BRIEF
Write out the data again exactly, skipping every picture.

Segment Start: COLLECTED MATERIAL

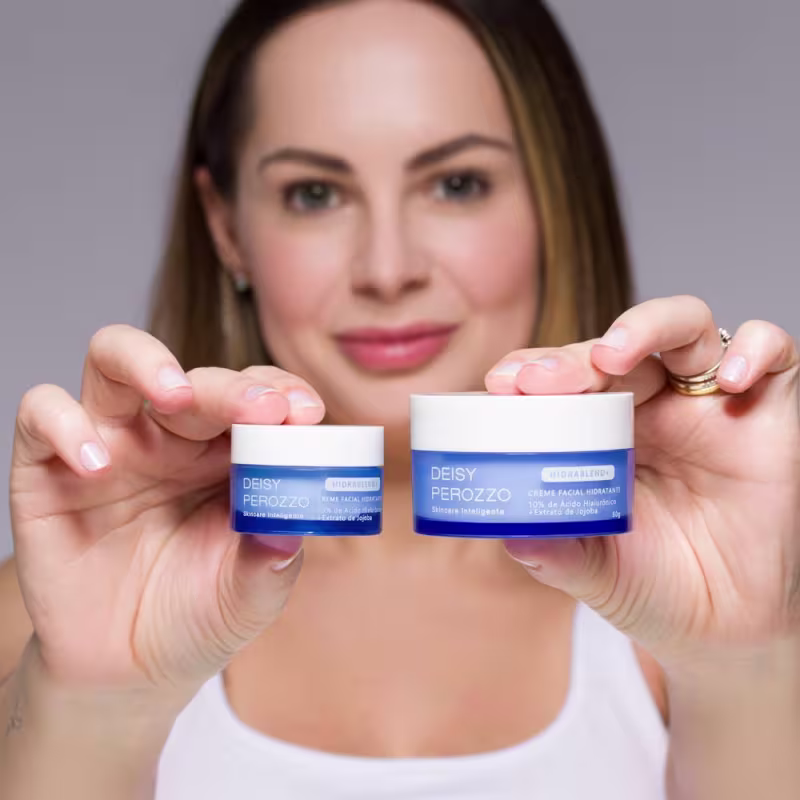 Comparação dos tamanhos de 15g e 60g do Creme Facial Deisy Perozzo Hidrablend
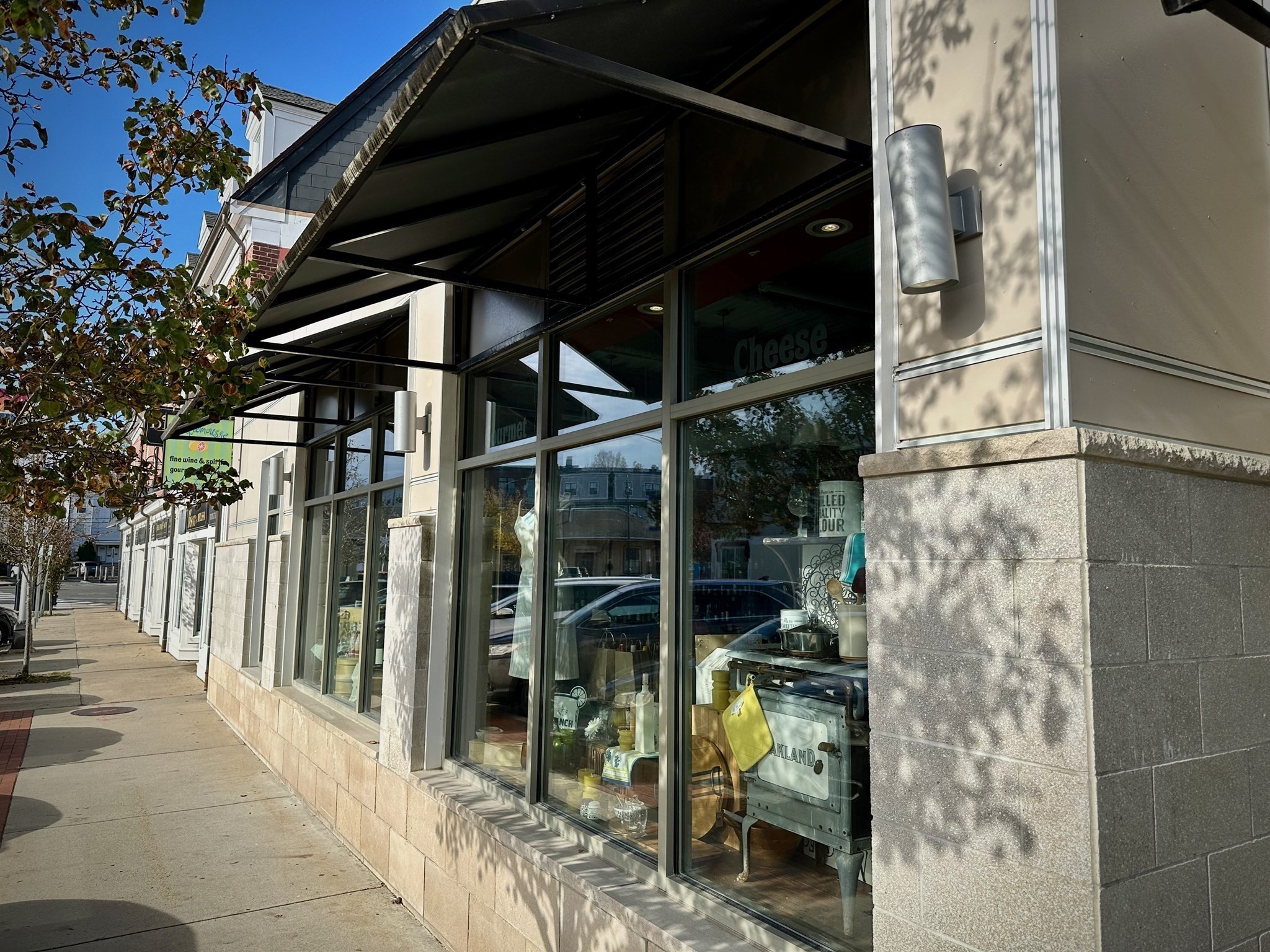 30 Haven Street, Reading, MA 01867 - Image 1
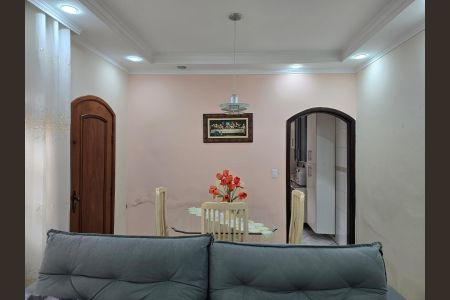 Casa à venda com 596m², 3 quartos e 2 vagas Casa à venda com 596m², 3 quartos e 2 vagasSala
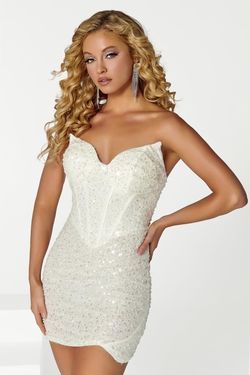 Style PS23116 Portia and Scarlett White Size 2 Ps23116 Bachelorette Cocktail Dress on Queenly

Segment End: COLLECTED MATERIAL

YOUR SOLUTION
 Comparação dos tamanhos de 15g e 60g do Creme Facial Deisy Perozzo Hidrablend
 30 Haven Street, Reading, MA 01867 - Image 1
 Casa à venda com 596m², 3 quartos e 2 vagas Casa à venda com 596m², 3 quartos e 2 vagasSala
 Style PS23116 Portia and Scarlett White Size 2 Ps23116 Bachelorette Cocktail Dress on Queenly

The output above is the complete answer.